En 1979 apareció un nuevo socio. Según los otros dueños, era para “poner más capital”, pero el señor entró con mano muy enérgica a imponer sus criterios. Lo primero fue despedir a dos empleados de medio tiempo que “pasaban los libros”. Yo me fui un día con permiso especial para preparar un examen de Literatura Universal. Como ya lo he comentado en otras oportunidades los exámenes eran kilométricos. Había unidades de análisis de textos y otras de información general, tan interesantes como leer la guía de teléfonos, pero había que prepararlas. Tres días no me bastaron y me pedí otro más. Cuando regresé me esperaba mi compañero de salón con cara de preocupación.
- Fulanito quiere hablar con vos antes de que empieces a trabajar- me dijo. Fulanito parecía estar esperando mi llegada porque apareció de inmediato con su cara de pocos amigos y me espetó lo siguiente:
-Le quiero comunicar que no le permito más hacer horario corrido. Si quiere mantener el empleo, tendrá que trabajar con horario cortado. Además tendrá que tomar la licencia con el resto del personal.
-Pero Fulanito, le dije- yo estoy prácticamente terminando mi carrera, me falta apenas un año y las prácticas docentes para recibirme.
- Y bueno. Me dijo. Trabaje o estudie. Usted decide.
Y puesta en la encrucijada, decidí.
-Voy a seguir estudiando, Señor- le dije.
-Queda despedida. Agarre sus cosas y váyase.

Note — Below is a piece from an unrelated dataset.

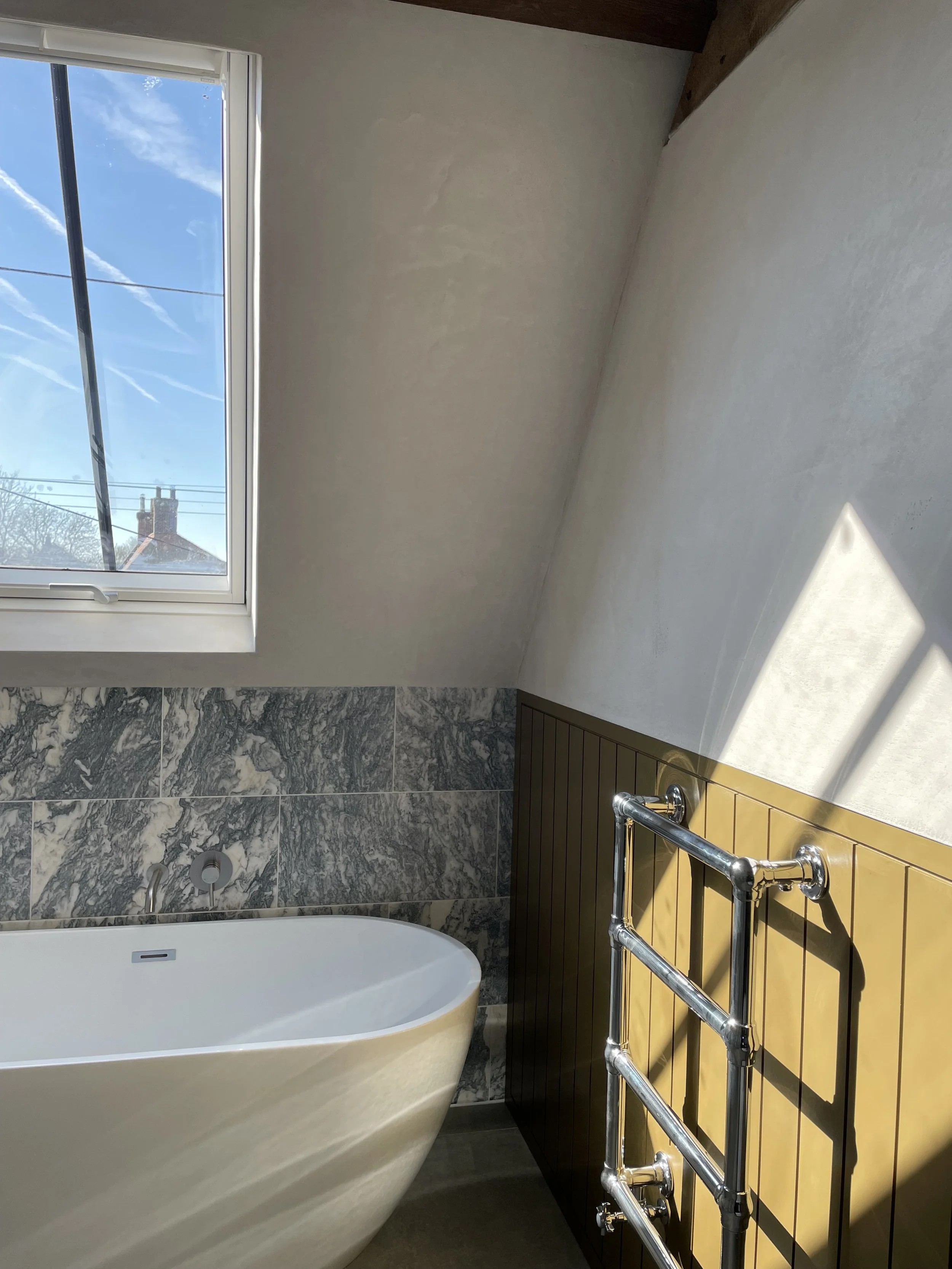 A bathroom with a white bathtub, black and white marble wall tiles, a window showing a blue sky with clouds and contrails, a wooden panel with a towel rack, and a shower faucet.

Fue lo que hice. Cuando salí a la calle, las piernas me temblaban. No hacía frío, era a principios de diciembre, pero yo estaba congelada. Cuando reaccioné había caminado sin darme cuenta, y me encontré cerca de El Prado-donde vivía- prácticamente a pocas cuadras de mi casa. Llegué demudada. Mi esposo ya estaba saliendo para su trabajo. Cuando me vio, sin que le dijera nada, me preguntó.
-¿Te despidieron?
Recién ahí me eché desconsoladamente a llorar en sus brazos. El mundo se me vino abajo. Con mi sueldo y mis comisiones-que eran buenas- pagábamos la cuota del primer apartamentito que compramos por medio del Banco Hipotecario. La cuota era altísima y se ajustaba anualmente. Con el sueldo de mi esposo, comíamos y nos mal vestíamos. Tener que prescindir de mi ingreso era realmente una verdadera catástrofe.
-No te preocupes, me dijo Carlos:- “Dios aprieta pero no ahorca”. Te tienen que pagar seis meses de despido y tendrás otros seis meses de Seguro de Paro. ¡Vamos! ¡A sacar al Perrito Extra! *
Dios no me ahorcó. Conseguí otro empleo, paliamos la situación hasta que terminé la Licenciatura y me convertí en Profesora.
Otro “triunfo con sufrimiento en el fondo”.
El taller y la empresa de importaciones se fundieron. La foto que ilustra esta crónica es de los locales abandonados.
Como muy bien dice Rosa: “en una vida hay varias vidas”.
Hoy les conté una de las tantas mías.
*En Montevideo, se editaba un diario que se llamaba “Extra”. En su primera página tenía un perrito que mostraba sus dientes.